- Required work
Look through the entries below, please, and copy every line with the word "Finestrat".

- Recorded data

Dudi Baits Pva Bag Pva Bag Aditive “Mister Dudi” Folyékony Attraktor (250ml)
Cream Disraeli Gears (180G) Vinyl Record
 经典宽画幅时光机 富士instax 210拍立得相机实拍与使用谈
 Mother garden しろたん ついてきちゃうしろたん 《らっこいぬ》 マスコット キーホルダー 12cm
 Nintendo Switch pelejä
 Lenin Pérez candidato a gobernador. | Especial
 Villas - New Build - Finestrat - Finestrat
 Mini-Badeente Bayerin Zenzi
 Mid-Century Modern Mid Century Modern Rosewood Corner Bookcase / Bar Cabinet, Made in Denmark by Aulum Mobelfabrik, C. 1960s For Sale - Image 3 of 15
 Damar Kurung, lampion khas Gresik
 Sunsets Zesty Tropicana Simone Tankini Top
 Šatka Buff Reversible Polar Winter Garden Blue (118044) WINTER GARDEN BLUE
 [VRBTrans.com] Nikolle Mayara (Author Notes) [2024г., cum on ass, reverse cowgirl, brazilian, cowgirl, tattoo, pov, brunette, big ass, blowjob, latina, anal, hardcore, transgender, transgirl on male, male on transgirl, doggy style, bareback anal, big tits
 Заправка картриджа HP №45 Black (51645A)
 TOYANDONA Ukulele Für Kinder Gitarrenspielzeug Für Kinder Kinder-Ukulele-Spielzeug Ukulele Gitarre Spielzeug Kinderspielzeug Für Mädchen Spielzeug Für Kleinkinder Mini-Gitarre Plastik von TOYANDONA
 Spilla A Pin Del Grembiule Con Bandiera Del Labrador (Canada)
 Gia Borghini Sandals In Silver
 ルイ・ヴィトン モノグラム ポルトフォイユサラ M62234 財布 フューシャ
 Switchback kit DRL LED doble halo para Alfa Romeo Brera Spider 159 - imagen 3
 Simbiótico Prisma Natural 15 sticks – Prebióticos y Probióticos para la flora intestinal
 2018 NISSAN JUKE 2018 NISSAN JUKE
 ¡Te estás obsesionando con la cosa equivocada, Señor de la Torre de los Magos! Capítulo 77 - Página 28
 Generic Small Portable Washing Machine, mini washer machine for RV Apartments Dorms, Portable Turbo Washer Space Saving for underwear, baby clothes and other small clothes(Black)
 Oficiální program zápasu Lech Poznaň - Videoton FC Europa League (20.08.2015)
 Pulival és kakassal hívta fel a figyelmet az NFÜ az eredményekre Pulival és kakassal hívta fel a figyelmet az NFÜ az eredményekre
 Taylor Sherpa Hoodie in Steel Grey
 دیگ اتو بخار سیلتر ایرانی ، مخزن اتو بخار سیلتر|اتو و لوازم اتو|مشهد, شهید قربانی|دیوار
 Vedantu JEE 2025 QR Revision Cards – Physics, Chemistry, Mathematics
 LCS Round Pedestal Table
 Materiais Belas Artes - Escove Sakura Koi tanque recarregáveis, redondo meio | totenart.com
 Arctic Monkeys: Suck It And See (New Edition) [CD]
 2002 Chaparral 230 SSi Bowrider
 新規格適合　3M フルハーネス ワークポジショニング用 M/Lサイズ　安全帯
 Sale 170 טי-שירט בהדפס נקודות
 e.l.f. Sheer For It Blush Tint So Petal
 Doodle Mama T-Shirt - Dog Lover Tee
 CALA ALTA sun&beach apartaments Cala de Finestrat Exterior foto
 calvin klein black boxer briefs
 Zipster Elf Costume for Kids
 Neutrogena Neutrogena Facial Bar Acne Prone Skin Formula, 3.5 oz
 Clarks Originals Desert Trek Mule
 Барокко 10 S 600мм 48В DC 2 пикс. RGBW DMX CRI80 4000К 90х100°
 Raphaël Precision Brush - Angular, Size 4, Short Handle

- Exercise response
 Villas - New Build - Finestrat - Finestrat
 CALA ALTA sun&beach apartaments Cala de Finestrat Exterior foto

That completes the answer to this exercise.